Emissions are being reduced and research dollars earmarked to address environmental problems. On distribution, railways are already playing an increasing role in moving oil to markets and I'm optimistic that the Keystone XL will go ahead or, if not, a series of pipeline capacity increases along the border (and to existing pipelines through B.C.) will be approved to get the Canadian oil out to markets. The Americans need our oil sands and less high profile means of shipping it there will work and will be welcome. (Obama approved an equally large pipeline in 2009 for bitumen but the oil went to Chicago refineries, not through pristine farmland enroute to refineries owned by Tea Party billionaires, the extremist Koch brothers, where the Keystone stuff is destined. This was a major political miscalculation on the part of Keystone backers.)

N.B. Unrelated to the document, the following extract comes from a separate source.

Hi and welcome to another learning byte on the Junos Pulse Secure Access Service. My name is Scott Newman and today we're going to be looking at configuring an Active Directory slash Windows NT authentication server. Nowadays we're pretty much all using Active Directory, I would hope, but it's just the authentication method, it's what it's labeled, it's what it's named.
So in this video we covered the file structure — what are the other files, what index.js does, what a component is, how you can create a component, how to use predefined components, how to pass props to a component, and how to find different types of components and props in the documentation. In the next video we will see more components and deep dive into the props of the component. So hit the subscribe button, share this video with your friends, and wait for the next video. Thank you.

The biggest long-term challenge for Alberta, and therefore Canada, involves the glut of natural gas due to a collapsing U.S. export market thanks to the "shale gas" transformation. Within five years, according to pessimistic forecasts, Americans won't need any Canadian natural gas at all. This represents a loss as serious and as negative as the gradual shuttering of manufacturing in Ontario and Quebec, caused by high taxes and a high dollar.

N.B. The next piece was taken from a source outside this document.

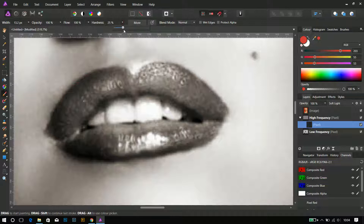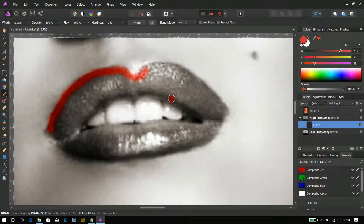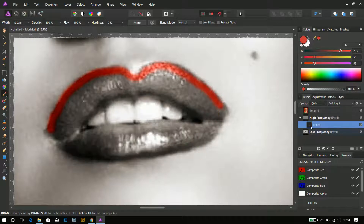As you can see, the painting on the high frequencies looks so unnatural. By dragging the pixel layer into the low frequencies, the appearance goes more realistic.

"The Alberta treasury has been a sinking ship since U.S. `shale gale' knocked the price of natural gas below $3," wrote former Alberta Finance Minister Ted Morton. "The first year I was an MLA, in 2005, natural gas royalties topped $8 billion. By 2010 -- when I became Finance Minister -- they had dropped to $1 billion. And that is where they have stayed -- and will continue to stay, at least until later in this decade. New liquefied natural gas (LNG) export terminals on the West Coast are going to be built, but not soon enough to rescue the Alberta budget."

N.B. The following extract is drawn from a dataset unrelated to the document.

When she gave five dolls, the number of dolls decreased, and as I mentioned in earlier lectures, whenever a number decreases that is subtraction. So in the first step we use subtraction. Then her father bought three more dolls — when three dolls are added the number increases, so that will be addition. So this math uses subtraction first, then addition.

Frankly, Alberta must find ways to promote and distribute this product as have other gas-rich regimes in remote locations such as Qatar and Norway. LNG on Canada's west coast (which will rely mostly on B.C. gas not Alberta) will help, as will development of petrochemicals plants. The biggest bonanza could be the conversion of dirty coal power plants into natural gas plants. Such conversions will eventually happen but could be sped up. Perhaps Alberta could provide incentives to utilities in the form of secure, reasonable supply contracts. Perhaps the federal government could provide faster write offs or other tax incentives to promote this process to use cleaner natural gas. Perhaps Alberta and the feds could provide even more incentives to oil sands producers to build more upgraders, which use lots of natural gas as fuel.
Unfortunately, Ontario and Quebec face threats to their core industries and products. But they have no wiggle room, no cash and two few enlightened voters. These provinces now find themselves in the same position Alberta found itself in the 1980s when its politicians asked for, and obtained, major sacrifices from their voters and set a course of sound and stale economic development.